▸ Task details
Write out again only the lines between the one with "bière blonde la piautre pâle ale bio" and the end of the records below, both ends counted, and don't include the pictures.

▸ Entries supplied

+-------+

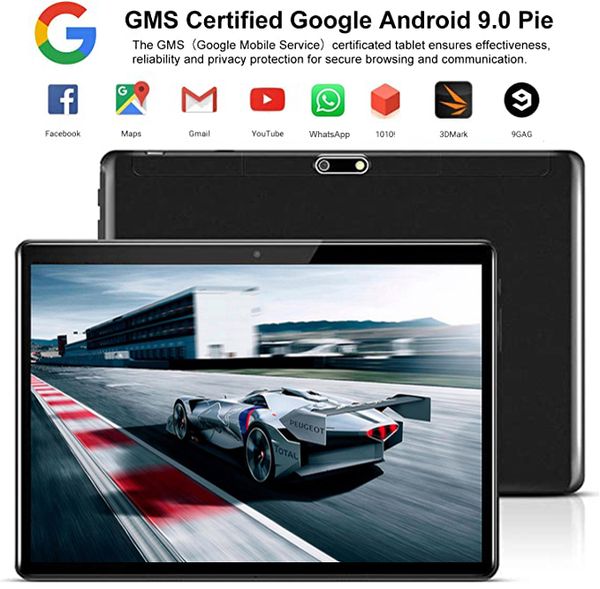 

tablette android super tempered 2.5d screen 10 inch tablet pc android 9.0 32gb rom wifi gps play store 64gb sd card gift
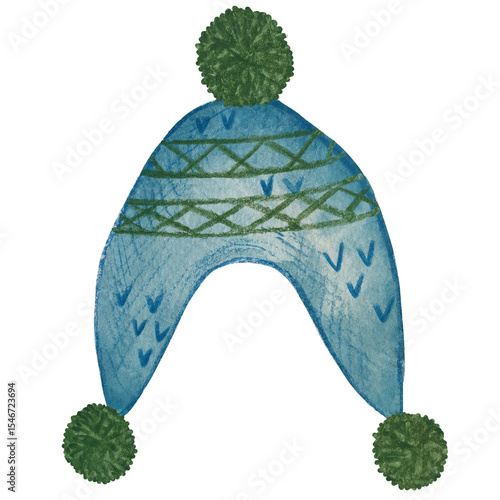 Cozy winter hat illustrated with watercolor and watercolor pencils. Hand-drawn warm accessory on white and transparent background. Perfect for seasonal and holiday designs.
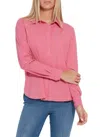 Lyssé Roll Tab Connie Shirt In Coral Rose In Pink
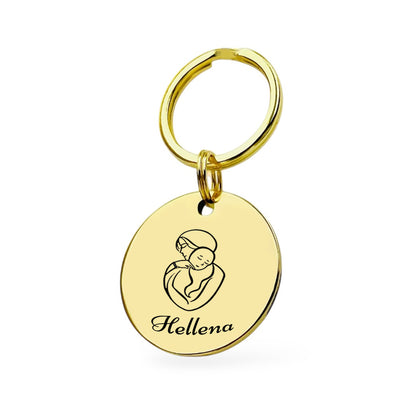 Mutter-Kind-Liebe Schlüsselanhänger Gravur Gold Geschenk
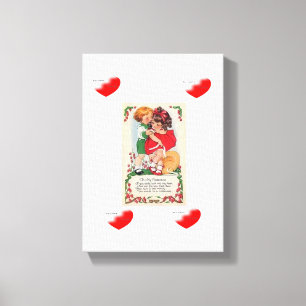 toile étirée Imprimer Saint Valentin Vintage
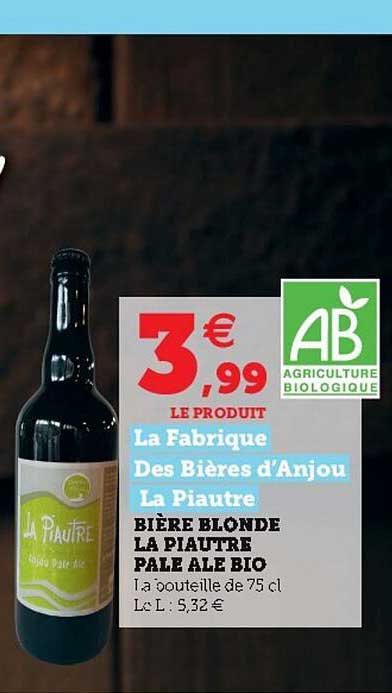 bière blonde la piautre pâle ale bio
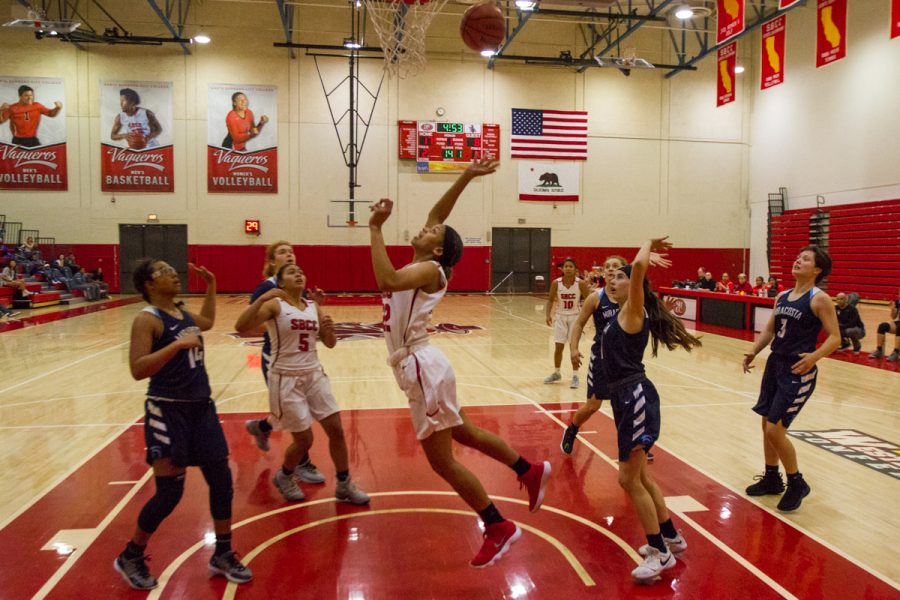 Lady Vaqueros guard Jennae Mayberry attempts a lay-up against MiraCosta College on Sunday, Nov. 11, inside the Sports Pavilion gym at City College in Santa Barbara, Calif. Mayberry missed the shot, but the Vaqueros still defeated MiraCosta College, 87-82.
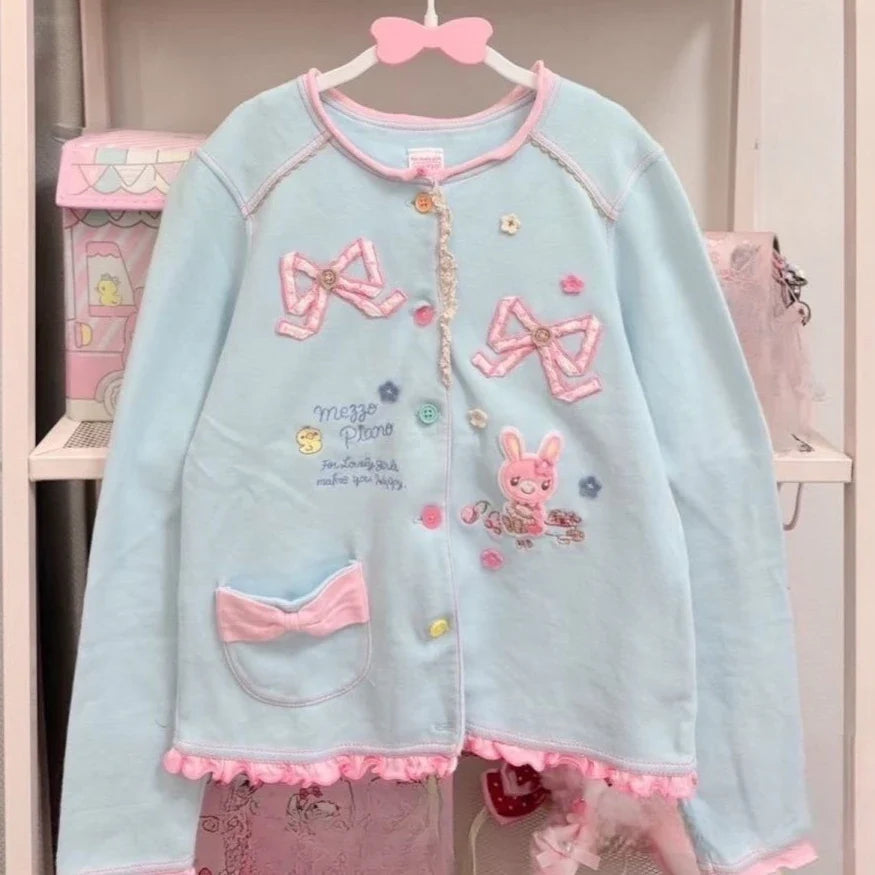 Japanese Cute Coat Embroidery Rabbit Ear Hooded Subculture Kawaii Y2k Tops Casual Fashion Sweet Coats Ropa Mujer Women Clothing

+-------+

▸ Answer to this problem
 bière blonde la piautre pâle ale bio
 Lady Vaqueros guard Jennae Mayberry attempts a lay-up against MiraCosta College on Sunday, Nov. 11, inside the Sports Pavilion gym at City College in Santa Barbara, Calif. Mayberry missed the shot, but the Vaqueros still defeated MiraCosta College, 87-82.
 Japanese Cute Coat Embroidery Rabbit Ear Hooded Subculture Kawaii Y2k Tops Casual Fashion Sweet Coats Ropa Mujer Women Clothing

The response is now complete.